(What is needed):
Copy only those lines which run from the line containing "Tenis Lifestyle Azul-Naranja-Mostaza" to the end of the entries below, both inclusive, exactly as written and with no pictures.

*** Material for this exercise Section Begins ***

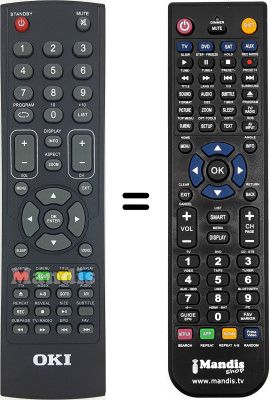 Replacement remote control Oki L221A-PHDTUV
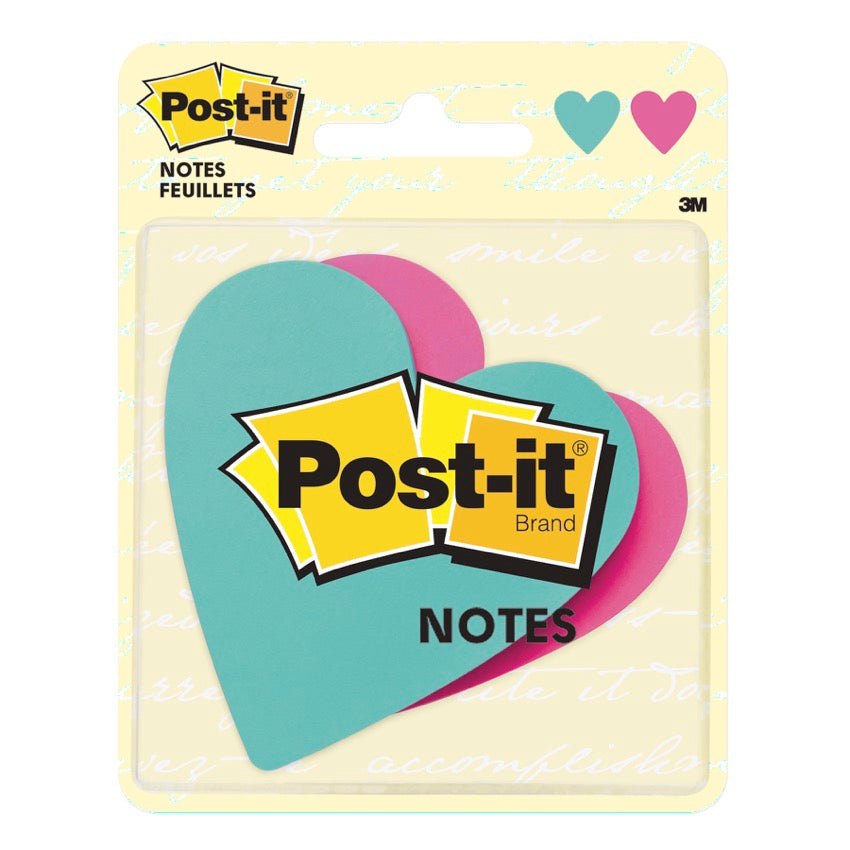 Post- It Heart Shape Sticky Notes 2 x 75ct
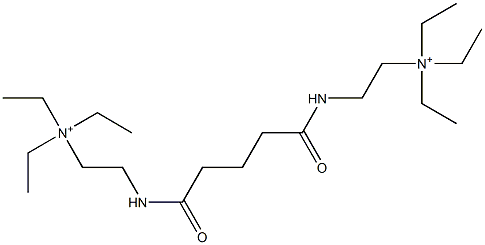 2,2'-[(1,5-Dioxo-1,5-pentanediyl)diimino]bis(N,N,N-triethylethanaminium) 结构式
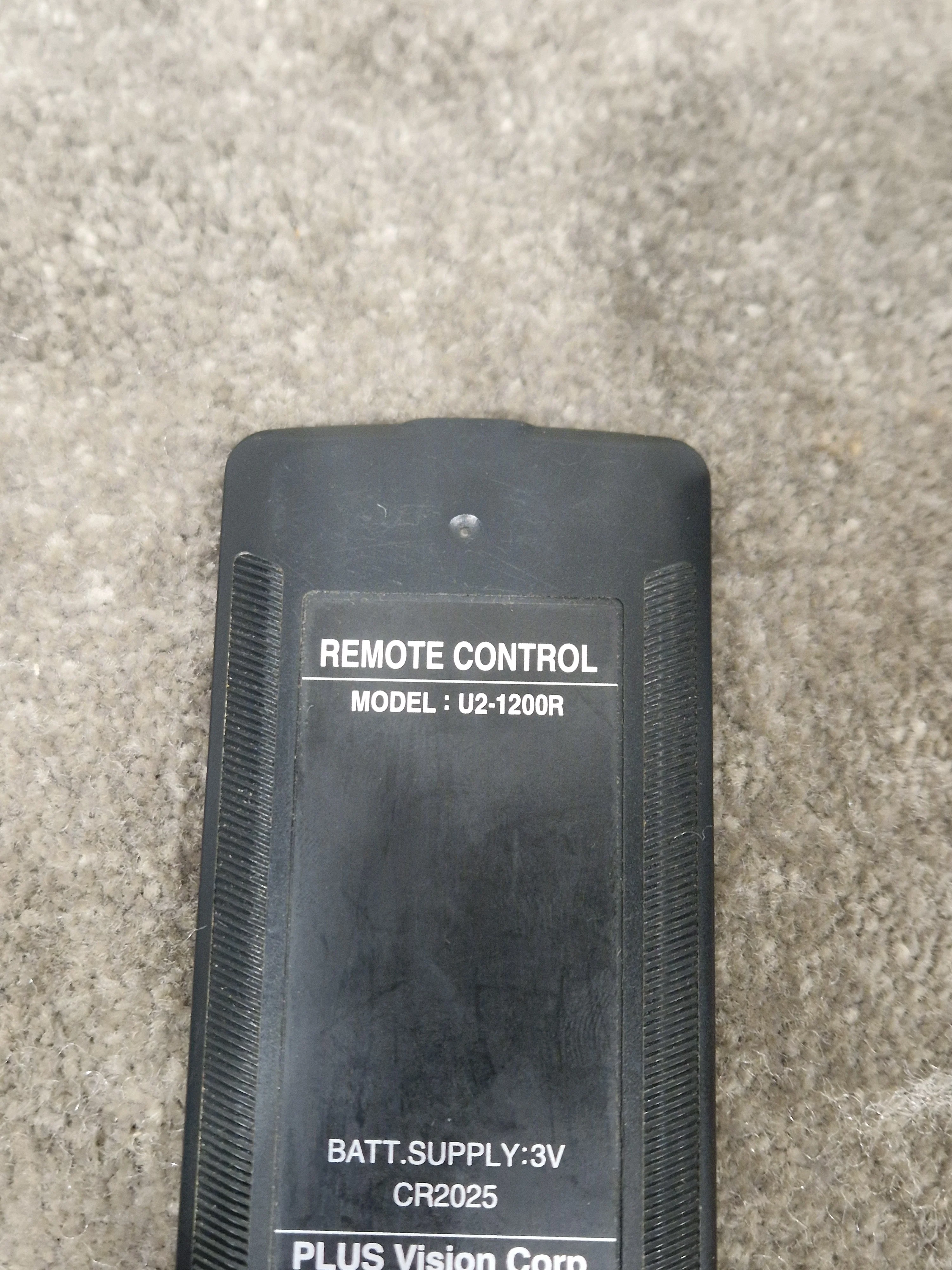 Plus U2-1200R Remote Control - High-Precision Operation - Excellent - Image 5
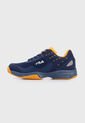 Tenis Lifestyle Azul-Naranja-Mostaza Fila Court Ready de Fila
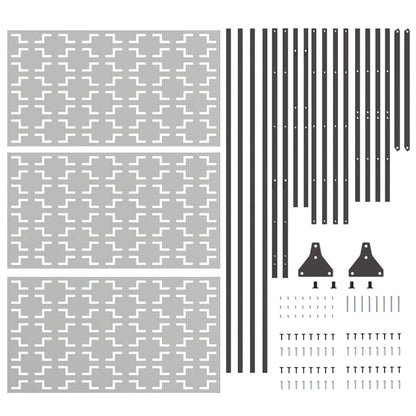 Schermo per Privacy Grigio Acciaio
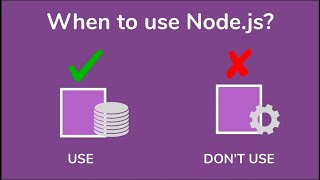 When and when not to use Node.js - Node.js Basics [06] - Java Brains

*** Material for this exercise Section Ends ***

(Output for this task):
 Tenis Lifestyle Azul-Naranja-Mostaza Fila Court Ready de Fila
 Schermo per Privacy Grigio Acciaio
 When and when not to use Node.js - Node.js Basics [06] - Java Brains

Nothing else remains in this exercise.